The science-religion “debate” is an abstraction, and a distraction. It isn’t true to the deep nature of science, or of religion, or to the history of interplay between them. These are convictions I’m left with after a cumulative conversation that began a decade ago. And after spending the spring traveling around the country talking about this in theaters packed with scientists and citizens, atheist to devout, I know that others share my sense that our sound-bite friendly, politically-fueled narrative of animosity has outlived its usefulness. There is a science-religion divide — these are two distinct and separate spheres of endeavor. But in the 21st century, we can’t help but hear echoes passing back and forth across that divide and changing the way we understand our humanity, our relationship to each other and the natural world, the contours of the cosmos.

It’s not just the passion and frequency with which mathematicians talk about beauty and physicists talk about mystery that intrigues me. It is also that every time the rest of us log on to our computers in the morning, or every time we eat a meal, we are steeped in the fruits of science. We may not be fluent in the language of science — mathematics — which Galileo called “the language in which the universe is written.” But in the most ordinary moments in our doctors’ offices, certainly in near-ordinary experiences like birth, illness, and death, we receive crash courses in science of many kinds. And we turn simultaneously, without time for debate, to inner territory of morality and meaning, which science has no language for addressing.

Einstein put it this way, helpfully: science is good at describing what is, but it does not describe what should be. That is one way to talk about the role that religious and spiritual practice, our sense of what is right and sacred, plays in human life. And for the record, I don’t believe that spiritual and moral life ceases in the absence of belief in God. Einstein didn’t believe in the personal God of traditional religion. But he did profess a “cosmic religious sense” driven by “inklings” and “wonderings” rather than answers and certainties. Its hallmarks were a reverence for beauty and a sense of wonder that, he acknowledged, he shared with lovers of art and religion.

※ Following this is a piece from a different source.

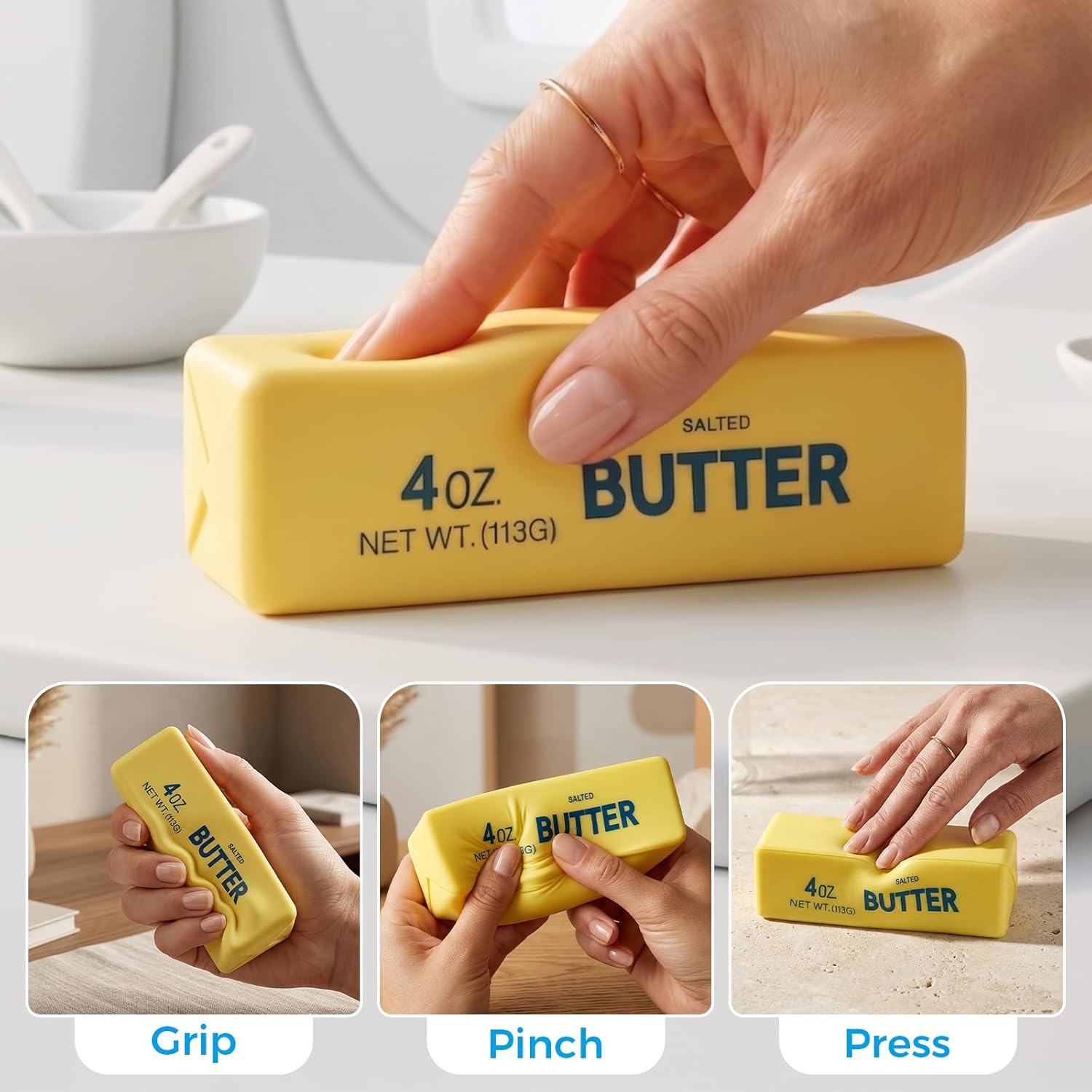 แท่งบัตเตอร์ซิลิโคนบีบเล่น ลดค - Kitchen Room Gadgets บทวิจารณ์และราคา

And it’s worth remembering that, in Einstein’s day, zealous religion appeared less a threat to the future of humanity than science on the loose. He watched chemists and physicists become purveyors of weapons of unprecedented destructive power. He declared, chillingly, that science in his generation was like a razor blade in the hands of a three-year-old. Against this backdrop, he called his contemporary Gandhi — and other figures such as Jesus, Moses, St. Francis of Assisi, and Buddha — “spiritual geniuses.” Einstein soberly observed that these kinds of “geniuses in the art of living” are “more necessary to the sustenance of global human dignity, security and joy than the discovers of objective knowledge.”

It seems clearer and clearer to me that, in the 21st century, genius in the art of living must draw on the best insights of both science and religion, not as argued but as lived. Or, as the Anglican quantum physicist and theologian John Polkinghorne puts it, we come ever more vividly to see how science and religion are both necessary to interpret the “rich, varied and surprising way the world actually is.” I think that the surge of spiritual energy and curiosity of our time is precisely a response to the complexity we know by way of science and technology — not a flight from that, but a turn to sources of discernment to sort, prioritize, make sense.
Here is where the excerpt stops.